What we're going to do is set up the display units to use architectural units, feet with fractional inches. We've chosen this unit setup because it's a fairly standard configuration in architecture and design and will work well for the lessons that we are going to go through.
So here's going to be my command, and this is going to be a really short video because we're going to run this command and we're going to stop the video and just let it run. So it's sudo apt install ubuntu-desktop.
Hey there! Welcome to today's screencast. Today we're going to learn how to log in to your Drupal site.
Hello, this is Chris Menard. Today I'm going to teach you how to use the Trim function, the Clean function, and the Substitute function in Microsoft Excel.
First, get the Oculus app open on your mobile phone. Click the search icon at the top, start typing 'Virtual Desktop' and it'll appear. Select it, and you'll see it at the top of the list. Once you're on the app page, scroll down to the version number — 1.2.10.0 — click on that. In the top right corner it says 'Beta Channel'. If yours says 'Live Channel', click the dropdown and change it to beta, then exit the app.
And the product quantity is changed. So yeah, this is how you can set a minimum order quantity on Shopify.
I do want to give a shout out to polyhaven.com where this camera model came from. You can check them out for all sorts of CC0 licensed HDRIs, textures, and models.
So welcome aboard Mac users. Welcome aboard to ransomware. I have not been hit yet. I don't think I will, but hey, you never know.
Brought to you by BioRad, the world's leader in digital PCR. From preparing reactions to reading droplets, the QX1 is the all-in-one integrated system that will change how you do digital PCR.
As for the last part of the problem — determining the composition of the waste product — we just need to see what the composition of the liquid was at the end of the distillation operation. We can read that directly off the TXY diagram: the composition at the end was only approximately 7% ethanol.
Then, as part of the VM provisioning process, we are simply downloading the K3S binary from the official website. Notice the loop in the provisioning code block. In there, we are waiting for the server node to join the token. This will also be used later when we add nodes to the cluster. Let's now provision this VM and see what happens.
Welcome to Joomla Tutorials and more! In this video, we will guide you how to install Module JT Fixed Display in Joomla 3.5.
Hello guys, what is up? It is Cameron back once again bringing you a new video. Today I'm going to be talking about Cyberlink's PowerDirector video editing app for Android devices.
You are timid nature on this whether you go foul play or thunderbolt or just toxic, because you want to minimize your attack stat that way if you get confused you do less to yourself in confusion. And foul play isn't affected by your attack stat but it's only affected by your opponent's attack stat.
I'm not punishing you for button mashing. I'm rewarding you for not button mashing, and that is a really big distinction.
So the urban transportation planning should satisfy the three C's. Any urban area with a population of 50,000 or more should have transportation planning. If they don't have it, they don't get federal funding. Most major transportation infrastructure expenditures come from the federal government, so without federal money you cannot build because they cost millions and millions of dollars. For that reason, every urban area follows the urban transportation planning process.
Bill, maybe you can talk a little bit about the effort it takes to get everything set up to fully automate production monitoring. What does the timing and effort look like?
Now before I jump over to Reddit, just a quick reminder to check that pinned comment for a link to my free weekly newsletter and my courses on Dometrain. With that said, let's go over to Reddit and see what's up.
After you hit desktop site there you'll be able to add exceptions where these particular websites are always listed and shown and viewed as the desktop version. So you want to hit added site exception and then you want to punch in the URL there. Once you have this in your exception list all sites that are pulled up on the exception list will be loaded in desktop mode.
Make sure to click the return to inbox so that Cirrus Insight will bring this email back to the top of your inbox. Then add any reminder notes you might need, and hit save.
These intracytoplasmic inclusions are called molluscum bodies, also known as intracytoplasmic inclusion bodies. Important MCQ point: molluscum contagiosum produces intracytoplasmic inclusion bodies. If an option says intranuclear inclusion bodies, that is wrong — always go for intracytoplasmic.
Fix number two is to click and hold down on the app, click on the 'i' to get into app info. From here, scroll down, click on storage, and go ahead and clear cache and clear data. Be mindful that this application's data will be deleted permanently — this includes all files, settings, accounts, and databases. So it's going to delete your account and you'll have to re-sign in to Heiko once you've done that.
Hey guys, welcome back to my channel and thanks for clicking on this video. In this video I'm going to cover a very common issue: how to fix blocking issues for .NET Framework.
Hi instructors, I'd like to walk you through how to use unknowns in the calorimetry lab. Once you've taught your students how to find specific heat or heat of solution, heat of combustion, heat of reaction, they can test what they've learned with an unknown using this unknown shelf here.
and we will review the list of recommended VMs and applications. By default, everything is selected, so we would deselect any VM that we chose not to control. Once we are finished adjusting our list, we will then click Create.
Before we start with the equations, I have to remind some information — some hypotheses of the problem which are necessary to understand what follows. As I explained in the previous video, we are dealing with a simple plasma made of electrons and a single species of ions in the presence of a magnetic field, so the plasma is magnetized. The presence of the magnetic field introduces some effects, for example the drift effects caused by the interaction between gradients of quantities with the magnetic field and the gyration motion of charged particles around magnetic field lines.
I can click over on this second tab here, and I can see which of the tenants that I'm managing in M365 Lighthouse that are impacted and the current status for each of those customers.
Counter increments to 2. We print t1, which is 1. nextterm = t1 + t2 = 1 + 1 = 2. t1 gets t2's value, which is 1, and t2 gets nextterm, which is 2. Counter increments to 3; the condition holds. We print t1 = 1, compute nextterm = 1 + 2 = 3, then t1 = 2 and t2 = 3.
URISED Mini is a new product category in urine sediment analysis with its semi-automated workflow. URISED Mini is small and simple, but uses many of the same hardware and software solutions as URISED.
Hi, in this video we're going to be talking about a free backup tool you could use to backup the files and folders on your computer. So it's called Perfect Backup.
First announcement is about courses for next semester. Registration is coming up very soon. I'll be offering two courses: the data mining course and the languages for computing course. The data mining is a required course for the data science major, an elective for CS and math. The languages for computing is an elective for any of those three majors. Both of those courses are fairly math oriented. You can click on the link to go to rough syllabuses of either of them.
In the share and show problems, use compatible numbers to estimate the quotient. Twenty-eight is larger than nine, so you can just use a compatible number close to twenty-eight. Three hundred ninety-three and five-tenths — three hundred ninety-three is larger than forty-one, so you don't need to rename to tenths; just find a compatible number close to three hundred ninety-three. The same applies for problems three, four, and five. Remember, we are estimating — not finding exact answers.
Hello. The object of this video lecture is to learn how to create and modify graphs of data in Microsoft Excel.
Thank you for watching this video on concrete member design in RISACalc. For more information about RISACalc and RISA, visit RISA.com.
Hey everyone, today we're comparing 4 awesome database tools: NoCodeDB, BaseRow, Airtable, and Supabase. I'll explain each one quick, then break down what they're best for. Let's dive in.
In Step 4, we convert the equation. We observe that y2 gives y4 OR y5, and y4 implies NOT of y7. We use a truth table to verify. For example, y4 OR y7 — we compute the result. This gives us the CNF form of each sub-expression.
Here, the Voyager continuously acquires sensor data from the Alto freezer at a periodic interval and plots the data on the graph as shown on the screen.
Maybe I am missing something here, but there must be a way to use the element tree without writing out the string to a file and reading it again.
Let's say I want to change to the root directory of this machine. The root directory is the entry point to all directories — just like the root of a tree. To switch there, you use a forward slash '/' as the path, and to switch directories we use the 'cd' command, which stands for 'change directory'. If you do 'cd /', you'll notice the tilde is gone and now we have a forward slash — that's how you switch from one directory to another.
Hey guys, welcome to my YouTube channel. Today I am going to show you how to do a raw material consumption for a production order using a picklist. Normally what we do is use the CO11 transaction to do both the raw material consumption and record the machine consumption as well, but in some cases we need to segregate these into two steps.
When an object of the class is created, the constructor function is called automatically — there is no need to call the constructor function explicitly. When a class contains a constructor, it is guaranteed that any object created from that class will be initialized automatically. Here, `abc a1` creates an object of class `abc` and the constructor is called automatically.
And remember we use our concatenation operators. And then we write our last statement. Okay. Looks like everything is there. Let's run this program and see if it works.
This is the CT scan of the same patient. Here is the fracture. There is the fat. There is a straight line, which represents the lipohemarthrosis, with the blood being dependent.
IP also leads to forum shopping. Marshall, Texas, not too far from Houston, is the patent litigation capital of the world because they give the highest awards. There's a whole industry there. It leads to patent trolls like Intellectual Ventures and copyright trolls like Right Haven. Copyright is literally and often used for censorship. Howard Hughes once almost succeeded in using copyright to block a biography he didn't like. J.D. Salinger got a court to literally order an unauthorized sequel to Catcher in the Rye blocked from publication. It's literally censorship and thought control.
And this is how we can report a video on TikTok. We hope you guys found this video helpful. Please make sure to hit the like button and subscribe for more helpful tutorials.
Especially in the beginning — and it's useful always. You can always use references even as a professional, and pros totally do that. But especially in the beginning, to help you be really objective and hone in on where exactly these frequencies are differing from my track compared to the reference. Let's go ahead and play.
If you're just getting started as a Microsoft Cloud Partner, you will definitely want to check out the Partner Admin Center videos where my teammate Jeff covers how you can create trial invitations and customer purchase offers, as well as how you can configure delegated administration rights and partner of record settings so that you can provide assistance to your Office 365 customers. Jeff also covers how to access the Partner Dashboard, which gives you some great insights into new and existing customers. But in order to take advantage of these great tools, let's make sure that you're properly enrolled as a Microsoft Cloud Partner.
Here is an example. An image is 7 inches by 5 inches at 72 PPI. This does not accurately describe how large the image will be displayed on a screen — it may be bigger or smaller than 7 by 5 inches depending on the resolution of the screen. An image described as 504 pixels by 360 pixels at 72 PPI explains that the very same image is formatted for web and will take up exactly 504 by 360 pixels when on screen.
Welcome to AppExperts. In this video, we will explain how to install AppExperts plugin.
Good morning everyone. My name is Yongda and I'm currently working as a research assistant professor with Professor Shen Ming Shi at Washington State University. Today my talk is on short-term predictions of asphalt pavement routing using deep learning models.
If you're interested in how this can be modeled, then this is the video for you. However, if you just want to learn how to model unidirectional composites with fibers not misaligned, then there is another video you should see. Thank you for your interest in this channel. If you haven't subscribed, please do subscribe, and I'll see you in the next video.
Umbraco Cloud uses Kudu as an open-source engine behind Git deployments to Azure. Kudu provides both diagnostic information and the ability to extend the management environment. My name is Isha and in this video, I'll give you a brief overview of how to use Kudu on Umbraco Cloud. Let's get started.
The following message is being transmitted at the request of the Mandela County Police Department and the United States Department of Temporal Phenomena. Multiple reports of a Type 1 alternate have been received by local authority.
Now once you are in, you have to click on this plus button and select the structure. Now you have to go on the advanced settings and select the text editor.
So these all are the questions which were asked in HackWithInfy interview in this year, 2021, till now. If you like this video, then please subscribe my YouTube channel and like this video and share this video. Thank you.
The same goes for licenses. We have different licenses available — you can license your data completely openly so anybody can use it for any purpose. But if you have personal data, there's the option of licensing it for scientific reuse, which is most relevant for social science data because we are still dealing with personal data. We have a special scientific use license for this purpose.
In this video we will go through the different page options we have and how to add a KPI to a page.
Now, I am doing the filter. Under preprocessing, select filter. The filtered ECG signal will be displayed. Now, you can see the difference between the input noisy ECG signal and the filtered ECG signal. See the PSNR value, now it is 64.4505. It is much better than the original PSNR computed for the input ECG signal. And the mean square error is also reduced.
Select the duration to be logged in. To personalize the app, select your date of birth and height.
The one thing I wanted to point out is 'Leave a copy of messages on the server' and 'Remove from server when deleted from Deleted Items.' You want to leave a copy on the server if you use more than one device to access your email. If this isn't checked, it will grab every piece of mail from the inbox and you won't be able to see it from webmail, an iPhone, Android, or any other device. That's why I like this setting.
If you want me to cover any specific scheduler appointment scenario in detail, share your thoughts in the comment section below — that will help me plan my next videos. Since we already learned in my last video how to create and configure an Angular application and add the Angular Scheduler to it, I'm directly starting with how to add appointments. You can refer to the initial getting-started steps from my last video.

====================

Exercise prompt:
What is needed is an exact copy of the lines from the start of the listing through the line where "I do want to" sits, please, both end lines included and nothing more.

Exercise output:
What we're going to do is set up the display units to use architectural units, feet with fractional inches. We've chosen this unit setup because it's a fairly standard configuration in architecture and design and will work well for the lessons that we are going to go through.
So here's going to be my command, and this is going to be a really short video because we're going to run this command and we're going to stop the video and just let it run. So it's sudo apt install ubuntu-desktop.
Hey there! Welcome to today's screencast. Today we're going to learn how to log in to your Drupal site.
Hello, this is Chris Menard. Today I'm going to teach you how to use the Trim function, the Clean function, and the Substitute function in Microsoft Excel.
First, get the Oculus app open on your mobile phone. Click the search icon at the top, start typing 'Virtual Desktop' and it'll appear. Select it, and you'll see it at the top of the list. Once you're on the app page, scroll down to the version number — 1.2.10.0 — click on that. In the top right corner it says 'Beta Channel'. If yours says 'Live Channel', click the dropdown and change it to beta, then exit the app.
And the product quantity is changed. So yeah, this is how you can set a minimum order quantity on Shopify.
I do want to give a shout out to polyhaven.com where this camera model came from. You can check them out for all sorts of CC0 licensed HDRIs, textures, and models.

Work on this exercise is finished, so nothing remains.